La régulation du numérique est un continuum, entre les autorités publiques (gouvernement et Parlement, administration, autorités administratives indépendantes, magistrats), la société civile, les internautes, et les entreprises du numérique. Chacun tient un rôle, dispose de leviers précis, et si un des maillons de la chaine refuse de jouer le jeu, ça ne marche pas, ou mal. Les politiques n’ont jamais été dans cette posture coopérative, bien au contraire, on a l’impression qu’à eux seuls, avec leurs petits bras musclés, ils vont « civiliser » internet et les réseaux sociaux.

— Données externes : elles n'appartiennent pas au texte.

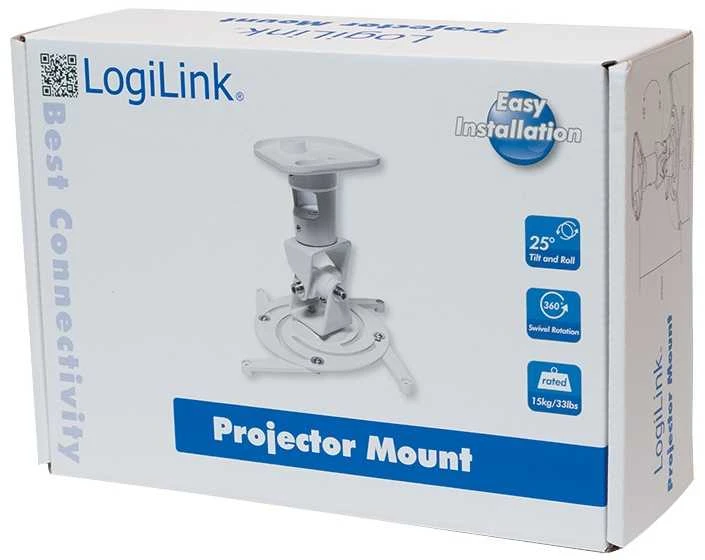 Logilink BP0003 Projektorius mount, lubinis laikiklis, universal, 220 mm, baltas | Logilink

En fait, la loi est un outil parmi d’autres, mais pas le plus important, et qui ne peut pas être utilisé seul, de manière performative. Il faut, derrière, mettre des moyens humains et financiers, qui ne sont pas toujours au rendez-vous. Ce serait plus utile si, au lieu de s’exciter comme des puces folles sur des amendements symboliques et inopérants, les députés faisaient leur travail de contrôle de l’action du gouvernement, en vérifiant que les moyens ont été bien mis là où il le faut.
Le Parlement français a une tendance à se croire omnipotent, alors même qu’il est un acteur secondaire, voire même maintenant marginal. Depuis l’entrée en vigueur du DSA, il y a quelques semaines, la régulation des contenus en ligne relève du niveau européen, tant sur le fond que sur les procédures. Ce qui est attendu du législateur français, c’est d’adapter le droit français à la nouvelle architecture de la régulation européenne du numérique. C’est d’ailleurs ce qui fait le projet de loi SREN, dans sa deuxième moitié, après l’avoir allègrement piétinée dans la première moitié !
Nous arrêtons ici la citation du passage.